[As published in Baltimore OUTloud, 11/15/13]
November is a curious month for Trans persons. The days around the Transgender Day of Remembrance (TDoR), November 20th, are often difficult ones for many in our community. Add Thanksgiving, with some trans folk being estranged from their families, and you can have a pretty potent emotional mix for trans folk. I personally do not like the TDoR. I am not sure I know a single person who really does. It is not a happy event. Invariably these observances have a reading of names, and more recently, a detailed and graphic description of the person’s demise. I usually find myself in tears.
Although these events typically spotlight those who are the victims of crimes, they occasionally will reference those who have taken their lives by their own hand. I say occasionally because unless the person was “out” to somebody within our community we probably had no idea that there was a linkage between the person’s gender identity and that suicide. I contend if you read or hear of a suicide of a 40-something male who by all other appearances did not have any other issues, you may be looking at a trans person. I know; I was one such person.
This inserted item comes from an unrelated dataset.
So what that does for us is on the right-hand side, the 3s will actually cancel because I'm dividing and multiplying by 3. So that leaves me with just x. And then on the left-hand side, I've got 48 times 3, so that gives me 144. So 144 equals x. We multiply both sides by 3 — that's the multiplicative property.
The numbers are appalling. According to a joint NCTE (www.transequality.org) and NGLTF(www.ngltf.com) study (http://bit.ly/fWYffL) 41% of trans persons have attempted suicide. Not merely thought about it, but actually have tried to kill themselves. Looking at the national figures for comparison tell the true tale for us. The rate of suicide is 1.6% for the general population. Recently, the U.S. Military has had an uptick of suicides in which their numbers about double that of the general public (3.2%). This increase is described as an epidemic (http://bloom.bg/Nvdujw). Last year there were a total of 350 military suicides. As a result of this crisis, great forces, funds and energy have been poured into seeking solutions (http://www.huffingtonpost.com/news/invisible-casualties) to military suicides. And for trans persons with a 41% attempt rate? Not so much.
You might ask why such a disparity between the trans community and the general public? The reasons that persons seek suicide as a “solution” are many, but there are key indicators that are common. Depression, of course, being the primary factor. Despite advances in civil rights for trans persons the stigma of being trans continues to be devastating to many trans persons of all ages. And although we are making forward progress, that progress is slow. In the recent ENDA vote in the U.S. Senate almost all of the opposition was centered on trans persons.
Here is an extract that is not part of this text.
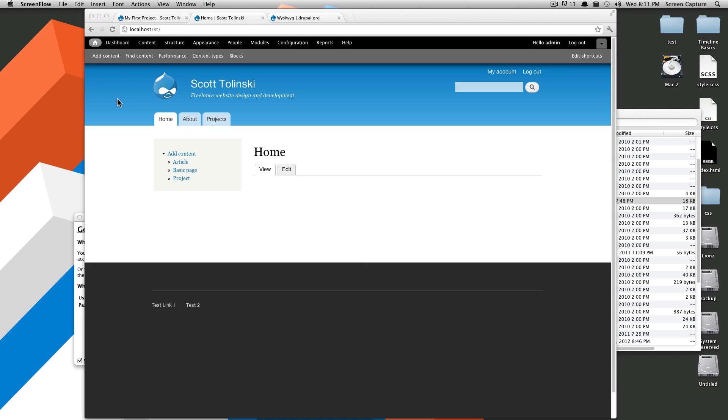Hey, what's up? This is Scott with LevelUpTuts, and today I'm going to show you how to install a WYSIWYG on your Drupal installation.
In California opponents of AB1266, which allows trans identified students the right to access facilities for the gender they identify with, has found nearly a half million signatures in an attempt to put the matter on a ballot referendum. The number of those signatures alone indicates clearly why such protections need to exist in the first place.
Congrats to the LGB folks who have made progress; it is now OK to be gay! But trans, that is still way too weird. The “ick factor” still seems to dominate thinking of opponents. Fabricated tales of indiscretions of trans persons, and trans kids are flowing freely in the conservative media. And we wonder why we find some of these kids killing themselves in response to this hate.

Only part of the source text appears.